**YOUR GOAL:**
From the data that follows, print exactly the lines starting at the one containing "iRelax Leg Massager" and ending at the one containing "Photo of Outdoor in Tougaloo"; include both of them and nothing more.

BEGIN GIVEN INFORMATION

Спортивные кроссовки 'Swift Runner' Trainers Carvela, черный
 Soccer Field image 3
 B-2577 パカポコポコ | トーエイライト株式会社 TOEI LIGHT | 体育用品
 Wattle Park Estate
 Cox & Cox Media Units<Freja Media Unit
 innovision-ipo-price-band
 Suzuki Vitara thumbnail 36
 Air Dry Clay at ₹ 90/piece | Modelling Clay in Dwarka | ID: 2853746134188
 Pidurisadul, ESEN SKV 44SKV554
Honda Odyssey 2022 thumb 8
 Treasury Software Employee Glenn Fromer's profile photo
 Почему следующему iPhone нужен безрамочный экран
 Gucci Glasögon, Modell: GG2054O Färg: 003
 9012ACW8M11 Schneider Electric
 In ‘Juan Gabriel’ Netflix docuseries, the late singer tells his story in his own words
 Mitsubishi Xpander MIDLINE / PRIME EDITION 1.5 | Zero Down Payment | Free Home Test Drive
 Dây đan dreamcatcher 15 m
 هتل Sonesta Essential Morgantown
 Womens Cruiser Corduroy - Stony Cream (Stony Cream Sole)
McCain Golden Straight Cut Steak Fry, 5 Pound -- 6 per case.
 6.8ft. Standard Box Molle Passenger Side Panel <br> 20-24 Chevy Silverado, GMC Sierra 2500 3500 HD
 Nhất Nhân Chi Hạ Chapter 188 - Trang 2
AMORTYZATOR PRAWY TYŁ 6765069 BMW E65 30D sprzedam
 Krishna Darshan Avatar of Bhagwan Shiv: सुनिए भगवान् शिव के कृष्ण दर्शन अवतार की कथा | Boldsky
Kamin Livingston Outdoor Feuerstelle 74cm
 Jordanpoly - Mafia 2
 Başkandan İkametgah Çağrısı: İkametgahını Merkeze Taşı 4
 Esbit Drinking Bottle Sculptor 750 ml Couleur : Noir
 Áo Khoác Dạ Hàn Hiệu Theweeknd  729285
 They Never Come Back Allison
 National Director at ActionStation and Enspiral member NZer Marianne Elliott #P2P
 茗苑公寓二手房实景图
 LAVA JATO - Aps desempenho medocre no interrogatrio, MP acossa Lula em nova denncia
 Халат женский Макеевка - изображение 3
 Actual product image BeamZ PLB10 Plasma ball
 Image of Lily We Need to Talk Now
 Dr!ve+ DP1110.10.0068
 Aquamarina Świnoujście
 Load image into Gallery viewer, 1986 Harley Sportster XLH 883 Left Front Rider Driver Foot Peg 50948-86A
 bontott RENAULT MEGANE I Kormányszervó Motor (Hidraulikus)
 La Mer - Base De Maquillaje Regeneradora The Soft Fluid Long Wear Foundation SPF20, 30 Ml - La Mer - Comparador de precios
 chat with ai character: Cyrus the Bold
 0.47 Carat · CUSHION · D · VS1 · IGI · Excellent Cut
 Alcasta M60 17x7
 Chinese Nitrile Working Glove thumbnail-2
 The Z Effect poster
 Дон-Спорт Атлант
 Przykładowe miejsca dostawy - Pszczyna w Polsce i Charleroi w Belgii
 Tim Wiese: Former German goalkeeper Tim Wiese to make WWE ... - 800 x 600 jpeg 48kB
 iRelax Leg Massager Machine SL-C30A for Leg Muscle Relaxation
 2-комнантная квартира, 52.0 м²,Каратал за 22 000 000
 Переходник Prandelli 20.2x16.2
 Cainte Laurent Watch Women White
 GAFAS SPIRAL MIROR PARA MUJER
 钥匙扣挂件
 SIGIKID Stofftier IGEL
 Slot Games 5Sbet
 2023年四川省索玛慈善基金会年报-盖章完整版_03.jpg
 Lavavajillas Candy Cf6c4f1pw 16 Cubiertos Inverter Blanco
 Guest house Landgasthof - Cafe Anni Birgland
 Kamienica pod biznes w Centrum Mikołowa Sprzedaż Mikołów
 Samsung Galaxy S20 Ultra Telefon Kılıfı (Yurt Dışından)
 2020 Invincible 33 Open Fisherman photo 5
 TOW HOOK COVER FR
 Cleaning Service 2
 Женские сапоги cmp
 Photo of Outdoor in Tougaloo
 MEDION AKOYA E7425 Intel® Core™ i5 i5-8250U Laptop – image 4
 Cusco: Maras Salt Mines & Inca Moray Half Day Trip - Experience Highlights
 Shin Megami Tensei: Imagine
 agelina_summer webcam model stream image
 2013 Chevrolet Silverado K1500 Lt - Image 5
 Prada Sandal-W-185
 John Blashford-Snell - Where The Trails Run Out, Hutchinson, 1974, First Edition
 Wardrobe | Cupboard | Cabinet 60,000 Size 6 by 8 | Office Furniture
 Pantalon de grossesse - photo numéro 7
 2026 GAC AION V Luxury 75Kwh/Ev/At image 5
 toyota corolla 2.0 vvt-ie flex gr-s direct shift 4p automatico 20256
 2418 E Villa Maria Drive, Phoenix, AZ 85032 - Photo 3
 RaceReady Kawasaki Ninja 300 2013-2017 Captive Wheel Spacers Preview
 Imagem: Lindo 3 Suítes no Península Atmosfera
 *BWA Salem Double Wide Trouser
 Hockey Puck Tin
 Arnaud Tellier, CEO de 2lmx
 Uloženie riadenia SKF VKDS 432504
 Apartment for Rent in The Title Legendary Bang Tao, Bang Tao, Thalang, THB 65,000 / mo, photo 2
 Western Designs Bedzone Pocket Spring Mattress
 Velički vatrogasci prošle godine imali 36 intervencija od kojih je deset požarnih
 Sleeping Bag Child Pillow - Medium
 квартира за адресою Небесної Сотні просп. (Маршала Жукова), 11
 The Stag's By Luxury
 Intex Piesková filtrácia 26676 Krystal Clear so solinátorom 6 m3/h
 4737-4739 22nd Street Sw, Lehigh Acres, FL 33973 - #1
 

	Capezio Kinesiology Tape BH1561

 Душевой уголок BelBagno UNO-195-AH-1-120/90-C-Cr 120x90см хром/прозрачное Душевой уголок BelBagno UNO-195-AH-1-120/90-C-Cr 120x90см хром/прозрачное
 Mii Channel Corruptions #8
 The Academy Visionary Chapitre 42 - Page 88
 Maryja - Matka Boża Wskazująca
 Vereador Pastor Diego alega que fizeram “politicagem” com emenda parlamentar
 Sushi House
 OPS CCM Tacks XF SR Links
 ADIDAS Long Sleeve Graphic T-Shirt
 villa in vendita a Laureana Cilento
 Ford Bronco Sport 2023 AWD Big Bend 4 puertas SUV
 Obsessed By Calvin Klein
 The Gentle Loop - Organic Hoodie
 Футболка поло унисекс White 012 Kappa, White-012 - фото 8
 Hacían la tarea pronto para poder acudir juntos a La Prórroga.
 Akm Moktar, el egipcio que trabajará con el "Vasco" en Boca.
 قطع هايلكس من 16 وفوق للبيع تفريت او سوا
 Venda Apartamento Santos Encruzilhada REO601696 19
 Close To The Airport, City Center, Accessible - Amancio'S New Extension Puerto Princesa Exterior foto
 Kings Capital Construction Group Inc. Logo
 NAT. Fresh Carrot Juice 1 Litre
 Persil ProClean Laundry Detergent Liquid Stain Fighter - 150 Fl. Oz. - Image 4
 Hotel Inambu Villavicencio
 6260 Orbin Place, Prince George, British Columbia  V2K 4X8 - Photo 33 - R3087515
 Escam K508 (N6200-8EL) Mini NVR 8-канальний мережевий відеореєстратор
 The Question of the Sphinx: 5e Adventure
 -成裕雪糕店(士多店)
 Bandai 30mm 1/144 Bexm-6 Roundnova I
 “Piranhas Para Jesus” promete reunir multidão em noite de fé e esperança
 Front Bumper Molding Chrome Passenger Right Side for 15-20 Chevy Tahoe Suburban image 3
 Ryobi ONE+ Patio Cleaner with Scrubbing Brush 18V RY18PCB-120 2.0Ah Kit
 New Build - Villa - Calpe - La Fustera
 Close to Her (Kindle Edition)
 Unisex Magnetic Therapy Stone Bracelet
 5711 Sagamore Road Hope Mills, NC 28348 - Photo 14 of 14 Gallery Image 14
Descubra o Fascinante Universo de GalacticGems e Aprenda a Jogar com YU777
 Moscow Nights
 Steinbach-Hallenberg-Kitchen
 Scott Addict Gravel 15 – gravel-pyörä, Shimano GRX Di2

END GIVEN INFORMATION

**SOLUTION FOR THIS EXERCISE:**
 iRelax Leg Massager Machine SL-C30A for Leg Muscle Relaxation
 2-комнантная квартира, 52.0 м²,Каратал за 22 000 000
 Переходник Prandelli 20.2x16.2
 Cainte Laurent Watch Women White
 GAFAS SPIRAL MIROR PARA MUJER
 钥匙扣挂件
 SIGIKID Stofftier IGEL
 Slot Games 5Sbet
 2023年四川省索玛慈善基金会年报-盖章完整版_03.jpg
 Lavavajillas Candy Cf6c4f1pw 16 Cubiertos Inverter Blanco
 Guest house Landgasthof - Cafe Anni Birgland
 Kamienica pod biznes w Centrum Mikołowa Sprzedaż Mikołów
 Samsung Galaxy S20 Ultra Telefon Kılıfı (Yurt Dışından)
 2020 Invincible 33 Open Fisherman photo 5
 TOW HOOK COVER FR
 Cleaning Service 2
 Женские сапоги cmp
 Photo of Outdoor in Tougaloo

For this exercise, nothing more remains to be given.